[SOURCE DATA]
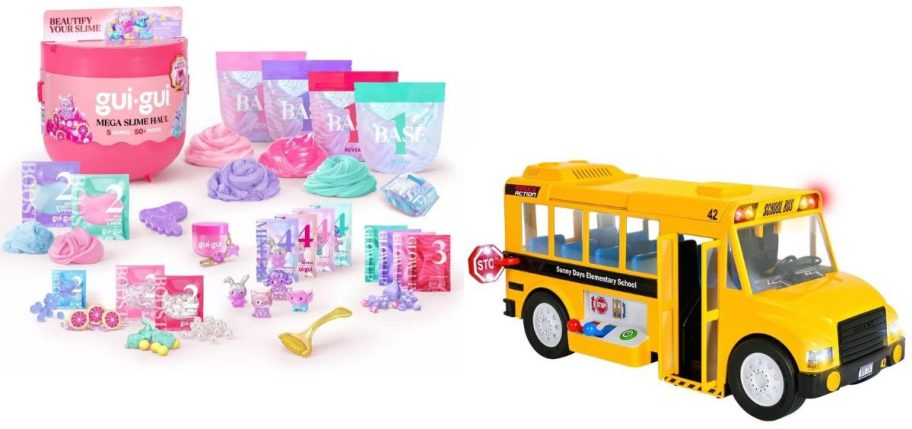 Gui Gui Mega Slime Haul and Maxx Action School Bus Toy Vehicle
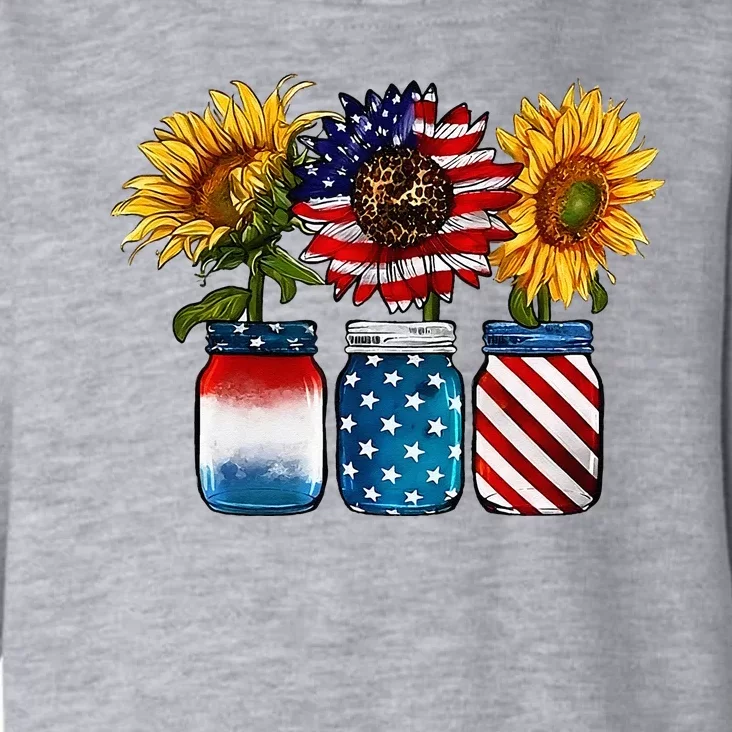 America Sunflower USA Flag Flower T For American 4th Of July Toddler Hoodie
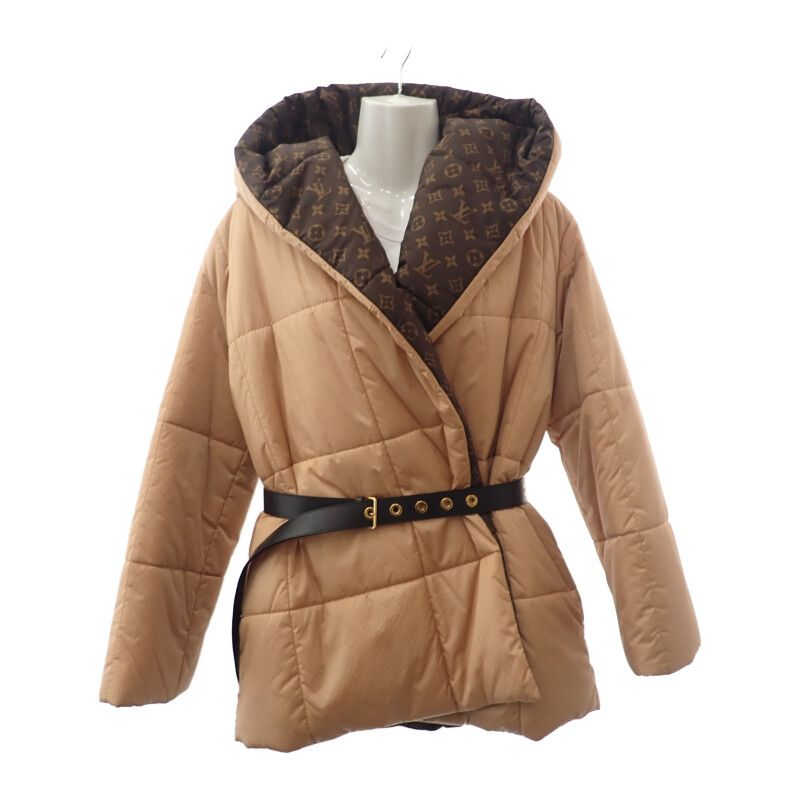 ルイヴィトン LOUIS VUITTON ショートピローパファーラップコート 34 1 AA 829 ナイロンジャケット ナイロン ベージュ レディース Aランク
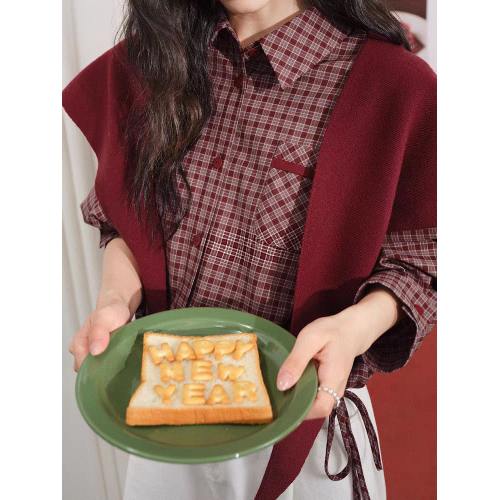 紅色格子外套長袖襯衫鬥篷披肩襯衣兩件套裝26春季新年穿搭上衣秋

[ASSIGNMENT]
Beginning with the line that holds "ルイヴィトン LOUIS VUITTON", write out exactly the lines down to the end of the material above, and no others. Pictures are not part of the copy.

[SOLVED EXERCISE]
 ルイヴィトン LOUIS VUITTON ショートピローパファーラップコート 34 1 AA 829 ナイロンジャケット ナイロン ベージュ レディース Aランク
 紅色格子外套長袖襯衫鬥篷披肩襯衣兩件套裝26春季新年穿搭上衣秋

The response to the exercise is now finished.